= Requirement =
The answer must consist only of the lines from the line with "Flora Comfort Kraş Şal - Haki" to the line with "vidaXL Bedframe met", both included, exactly as they stand below.

= Supplied material =
========================

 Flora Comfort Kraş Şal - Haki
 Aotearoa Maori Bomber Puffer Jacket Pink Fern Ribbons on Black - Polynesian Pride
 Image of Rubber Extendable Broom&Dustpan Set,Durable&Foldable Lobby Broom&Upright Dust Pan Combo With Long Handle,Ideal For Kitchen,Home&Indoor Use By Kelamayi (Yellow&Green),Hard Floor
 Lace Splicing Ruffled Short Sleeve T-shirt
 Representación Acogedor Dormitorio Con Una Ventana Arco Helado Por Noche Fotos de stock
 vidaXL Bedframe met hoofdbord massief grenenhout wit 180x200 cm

========================

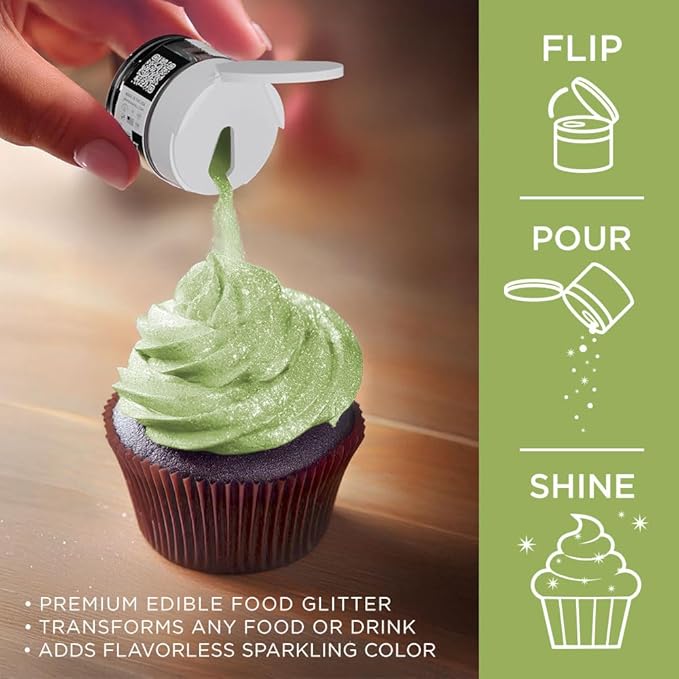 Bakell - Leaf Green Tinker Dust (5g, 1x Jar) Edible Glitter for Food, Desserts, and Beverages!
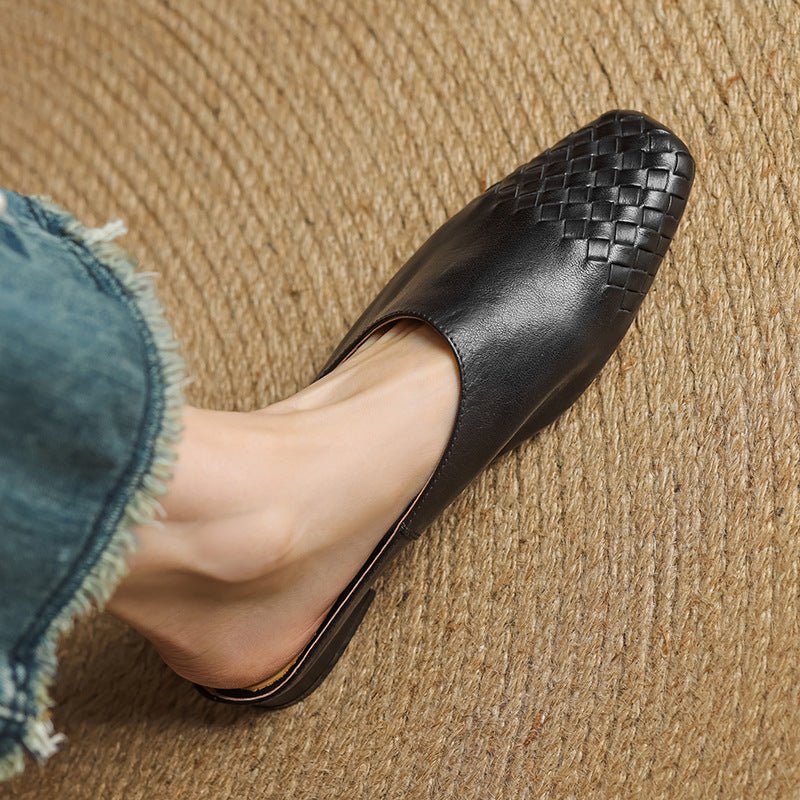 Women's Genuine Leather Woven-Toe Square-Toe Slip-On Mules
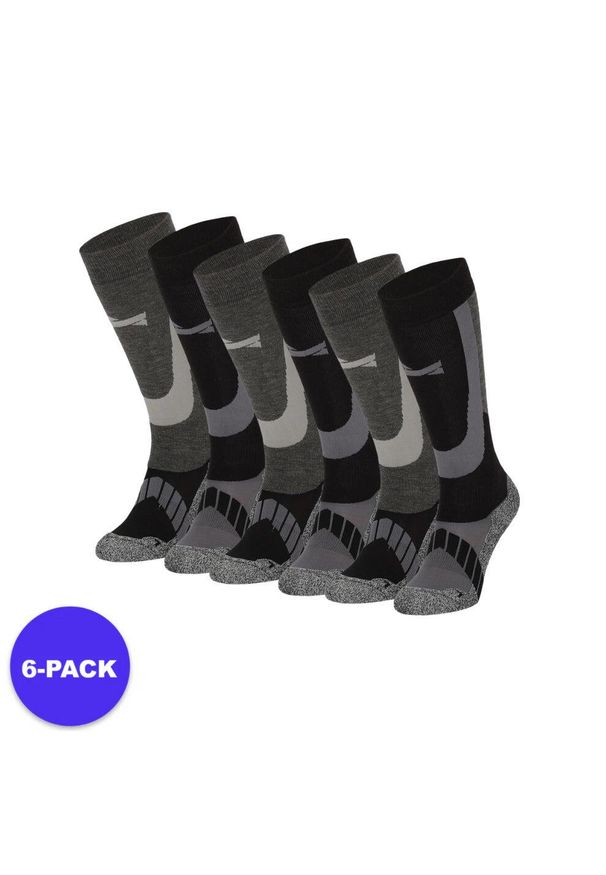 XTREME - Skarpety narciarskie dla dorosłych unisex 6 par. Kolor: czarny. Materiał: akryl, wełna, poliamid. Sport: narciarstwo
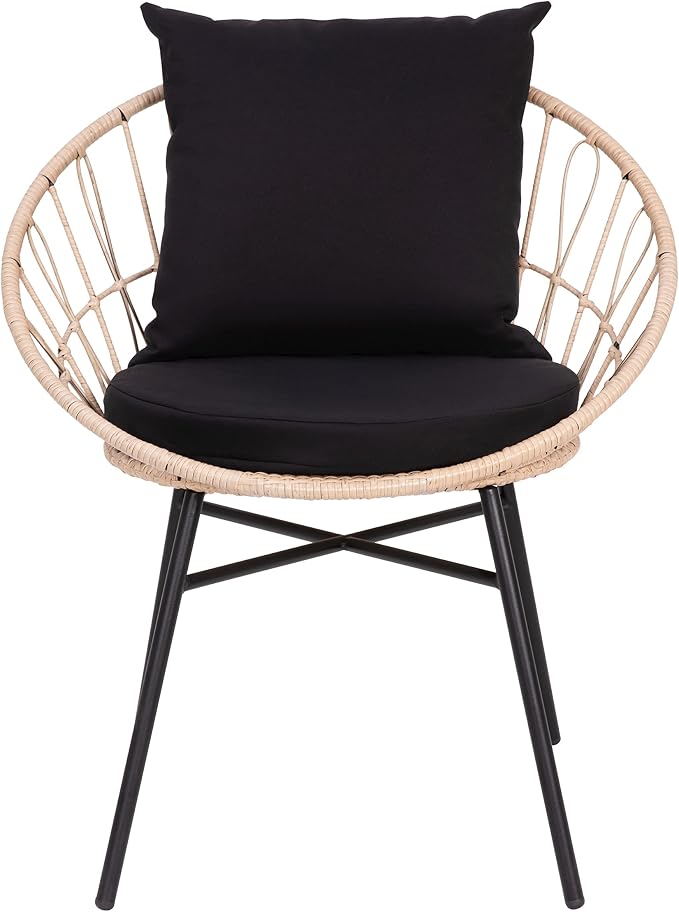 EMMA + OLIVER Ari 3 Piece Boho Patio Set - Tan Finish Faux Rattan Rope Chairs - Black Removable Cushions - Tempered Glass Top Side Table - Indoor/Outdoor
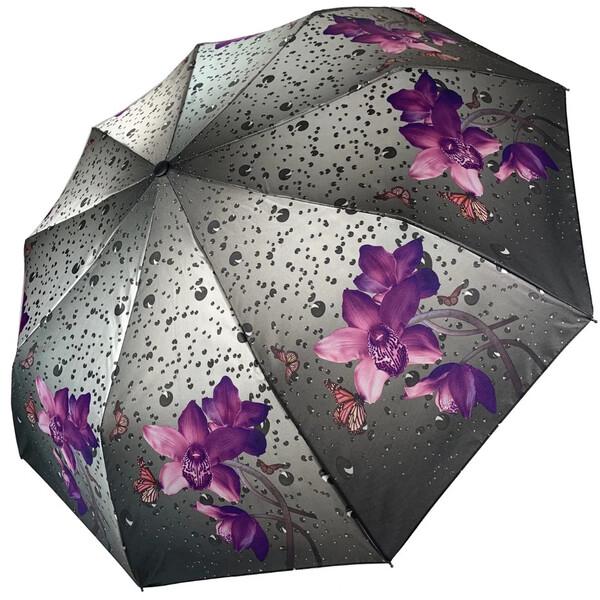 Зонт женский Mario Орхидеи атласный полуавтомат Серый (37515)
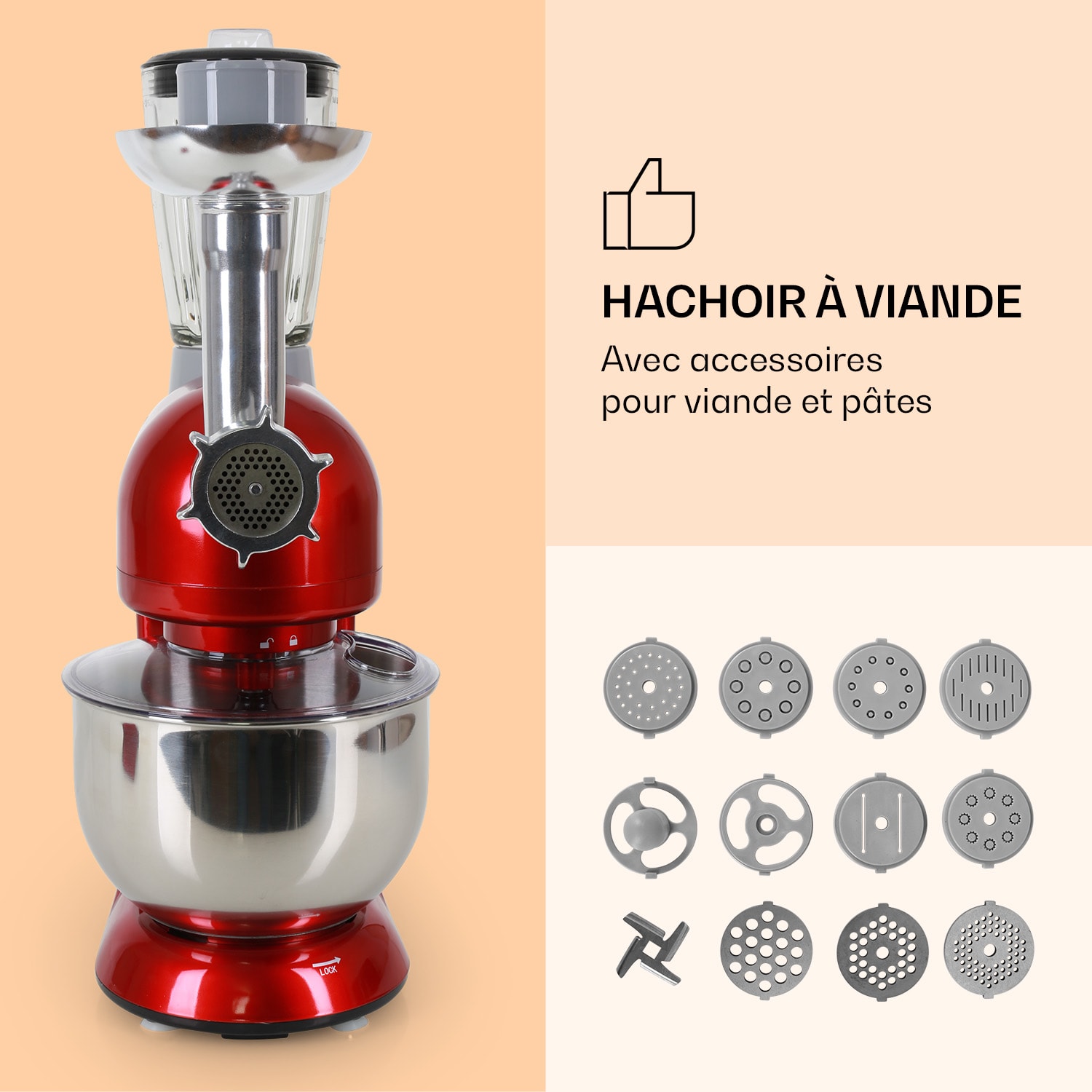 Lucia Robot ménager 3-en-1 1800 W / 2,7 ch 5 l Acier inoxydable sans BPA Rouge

========================

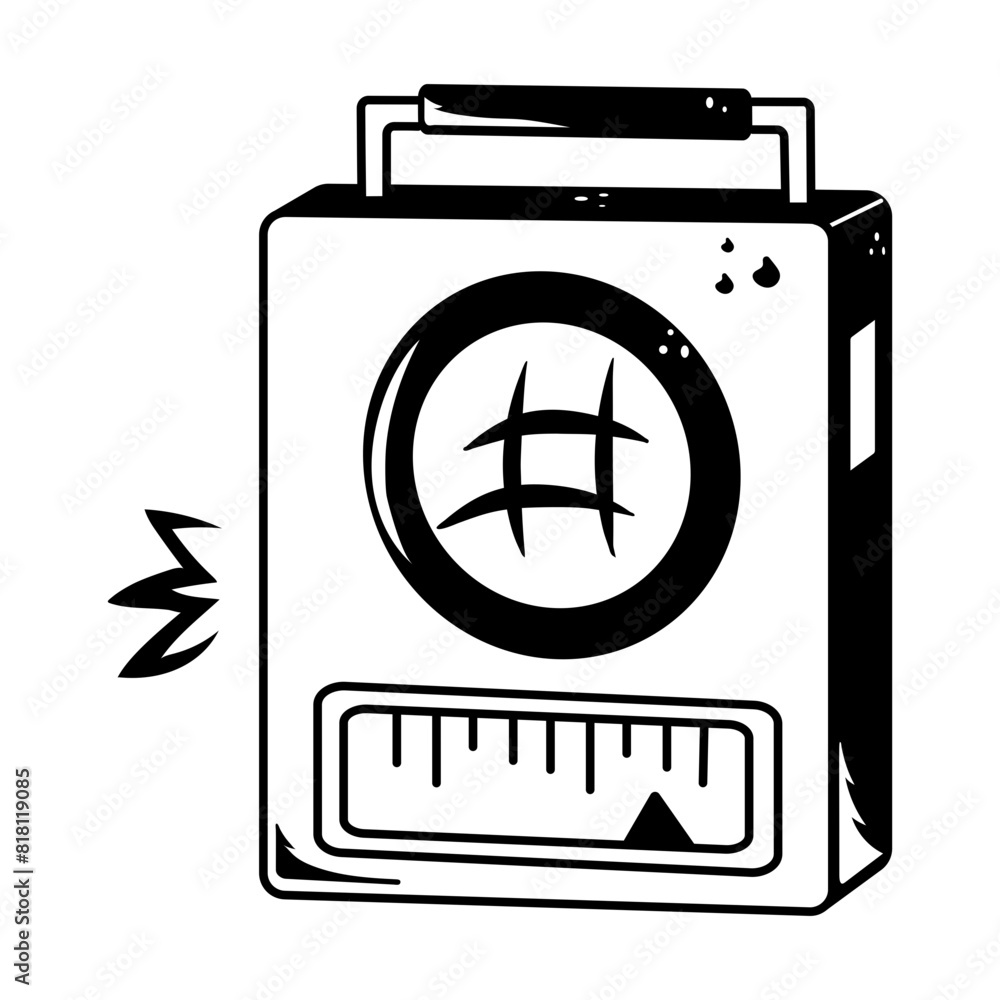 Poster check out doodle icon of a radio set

========================

= Solution to this exercise =
 Flora Comfort Kraş Şal - Haki
 Aotearoa Maori Bomber Puffer Jacket Pink Fern Ribbons on Black - Polynesian Pride
 Image of Rubber Extendable Broom&Dustpan Set,Durable&Foldable Lobby Broom&Upright Dust Pan Combo With Long Handle,Ideal For Kitchen,Home&Indoor Use By Kelamayi (Yellow&Green),Hard Floor
 Lace Splicing Ruffled Short Sleeve T-shirt
 Representación Acogedor Dormitorio Con Una Ventana Arco Helado Por Noche Fotos de stock
 vidaXL Bedframe met hoofdbord massief grenenhout wit 180x200 cm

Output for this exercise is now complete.